TASK DETAILS. Reproduce the records. Keep every word exact and include no images.

Dataset excerpts.
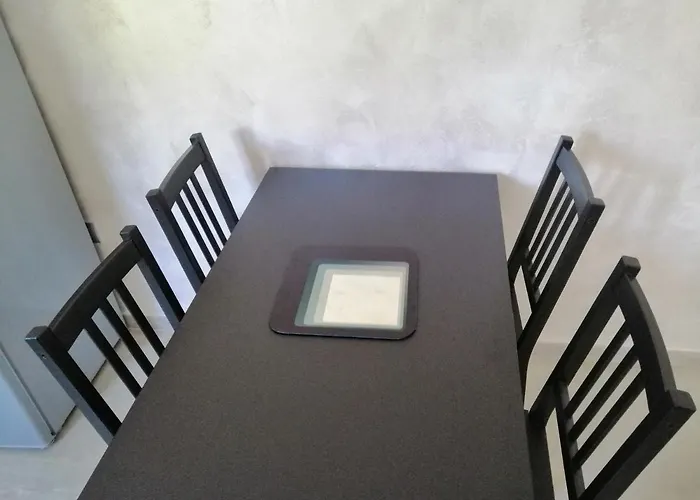 Mezzanotte Oda ve Kahvaltı 3*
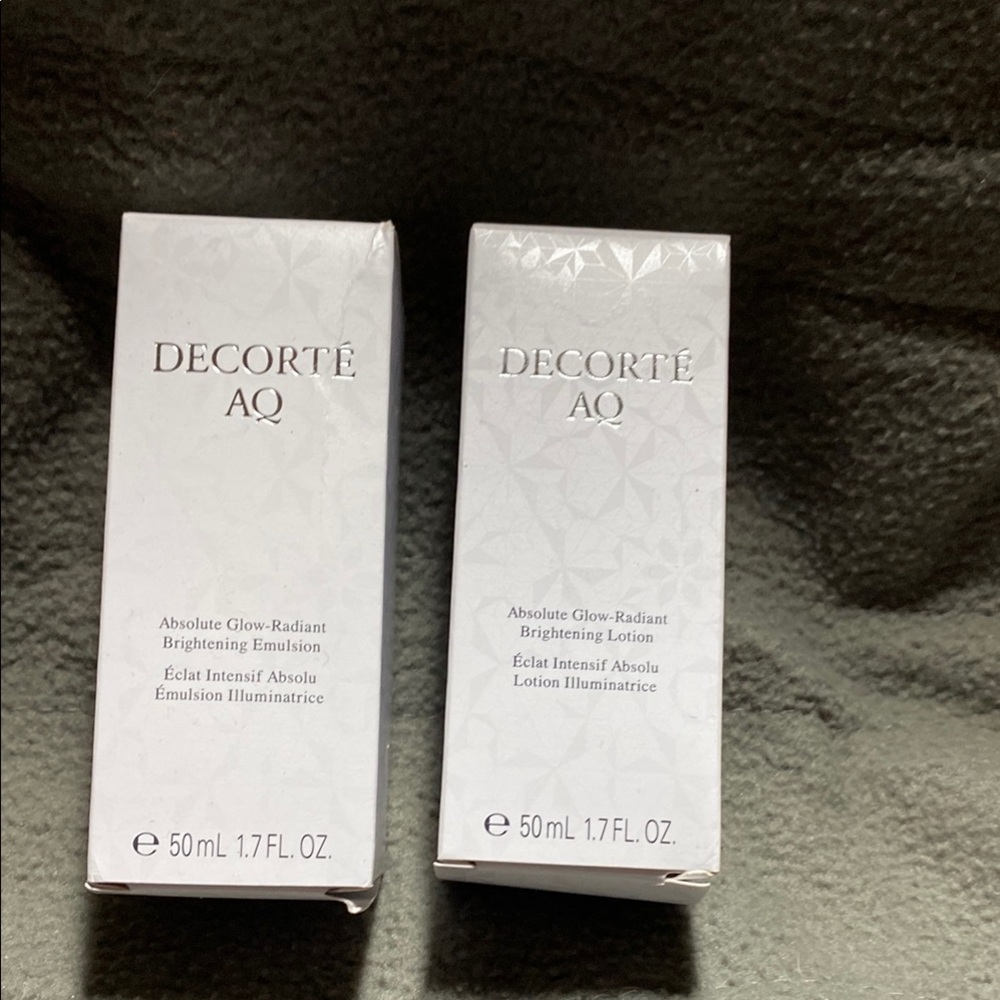 AQ Absolute Glow-Radiant Brightening Set in White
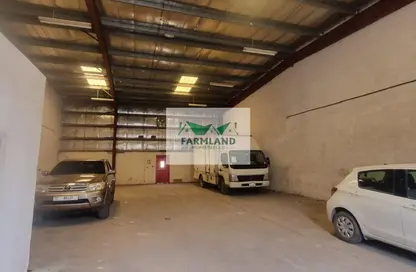 Warehouse - Studio for rent in Al Qusais Industrial Area - Al Qusais - Dubai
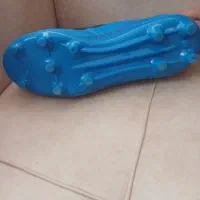 کفش فوتبال وجوراب ورزشی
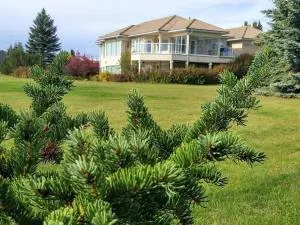 Countryside Escape - Private Suite with Scenic View - YYC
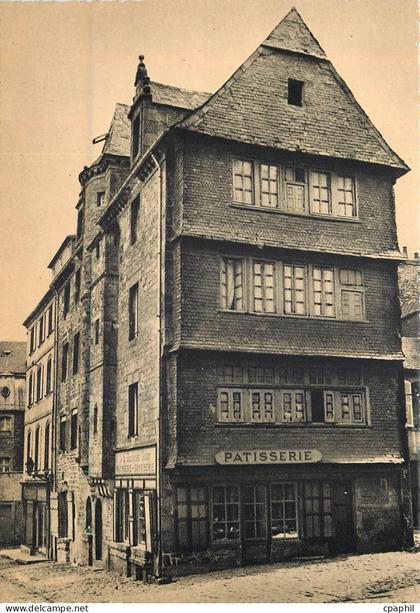 CPM Landerneau Maison de la Duchesse Anne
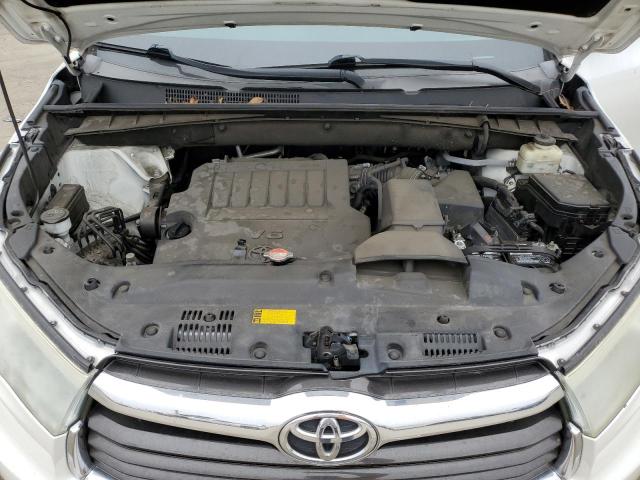 Photo 12 from auction – 2016 TOYOTA HIGHLANDER with VIN 5TDZKRFH4GS181582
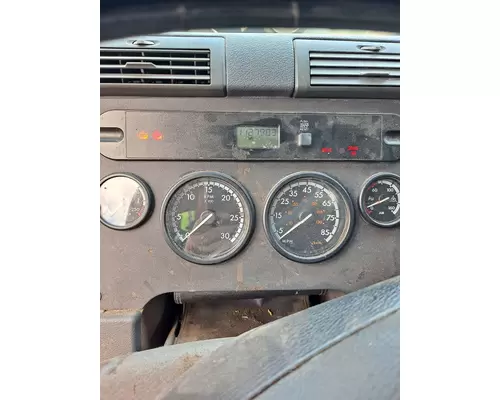 FREIGHTLINER CASCADIA 125 GAUGE CLUSTER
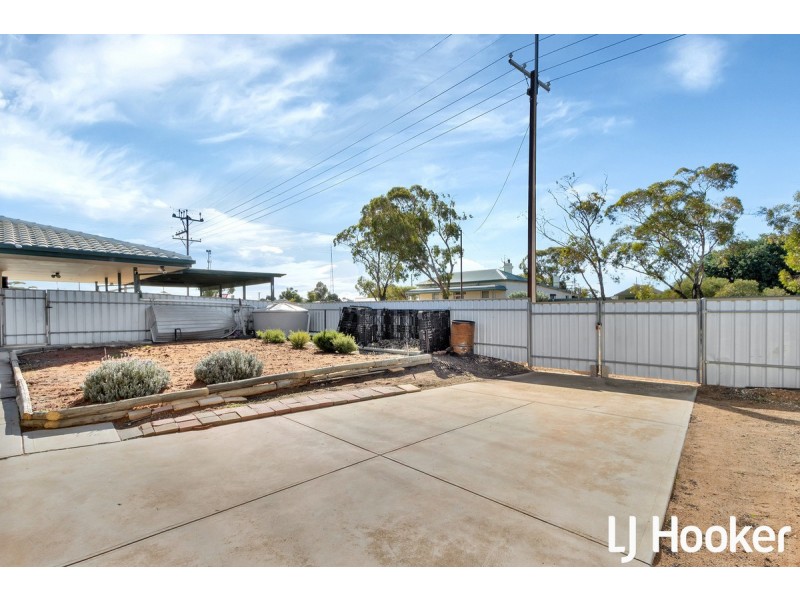 4 Seventh Street, Morgan SA 5320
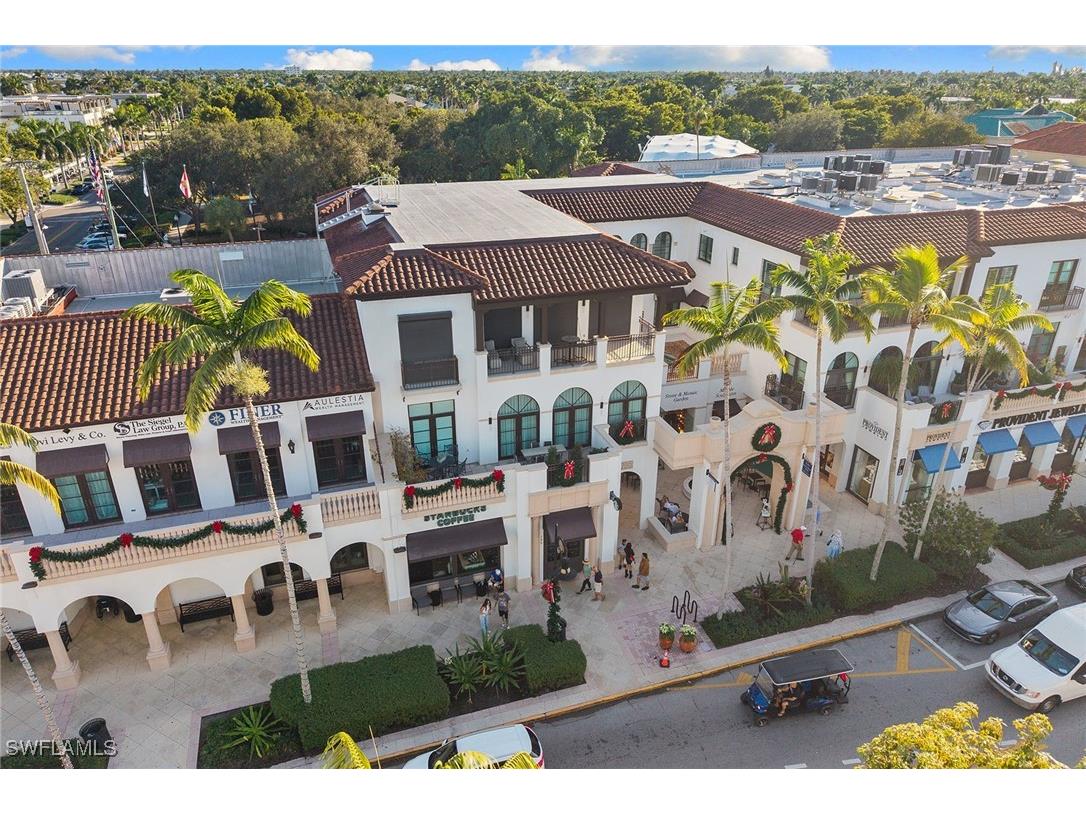 780 5th Avenue S #306 Naples FL 34102 225080130 image1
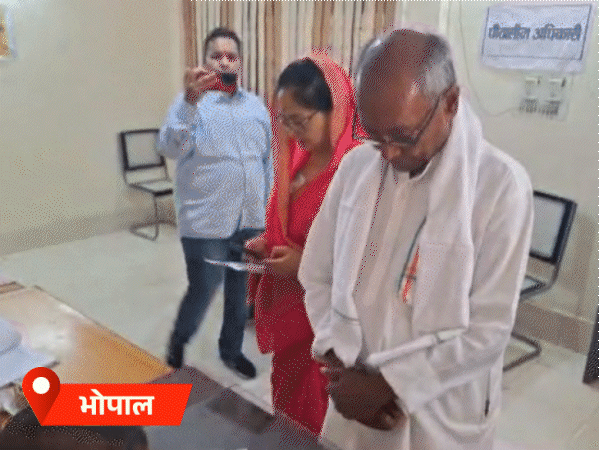 शिवराज सिंह ने बुधनी के जैत, दिग्विजय सिंह ने भोपाल और ज्योतिरादित्य सिंधिया ने ग्वालियर में अपना वोट डाला।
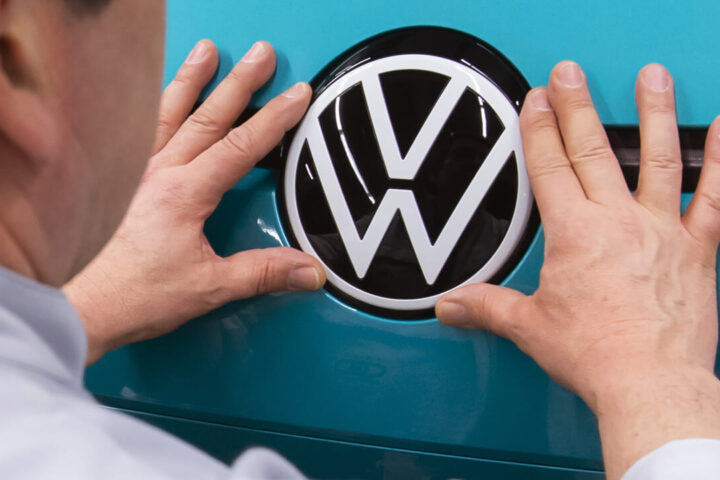 Mentre la Germania trema per la crisi di Volkswagen l'Italia taglia i fondi all'automotive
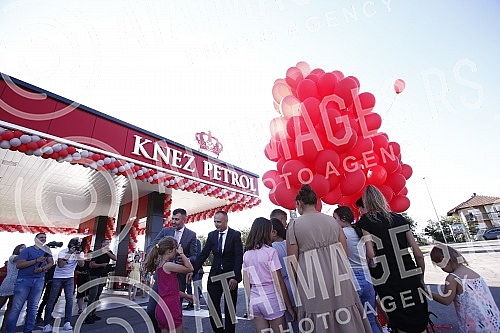 Posta Srbije and Knez Petrol have signed a business cooperation agreement that provides for the expansion of the postal network and services of Posta Srbije through the network of Knez Petrol gas stations.Posta Srbije i Knez petrol potpisali su ugo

ANSWER SECTION.
 Mezzanotte Oda ve Kahvaltı 3*
 AQ Absolute Glow-Radiant Brightening Set in White
 Warehouse - Studio for rent in Al Qusais Industrial Area - Al Qusais - Dubai
 کفش فوتبال وجوراب ورزشی
 Countryside Escape - Private Suite with Scenic View - YYC
 CPM Landerneau Maison de la Duchesse Anne
 Photo 12 from auction – 2016 TOYOTA HIGHLANDER with VIN 5TDZKRFH4GS181582
 FREIGHTLINER CASCADIA 125 GAUGE CLUSTER
 4 Seventh Street, Morgan SA 5320
 780 5th Avenue S #306 Naples FL 34102 225080130 image1
 शिवराज सिंह ने बुधनी के जैत, दिग्विजय सिंह ने भोपाल और ज्योतिरादित्य सिंधिया ने ग्वालियर में अपना वोट डाला।
 Mentre la Germania trema per la crisi di Volkswagen l'Italia taglia i fondi all'automotive
 Posta Srbije and Knez Petrol have signed a business cooperation agreement that provides for the expansion of the postal network and services of Posta Srbije through the network of Knez Petrol gas stations.Posta Srbije i Knez petrol potpisali su ugo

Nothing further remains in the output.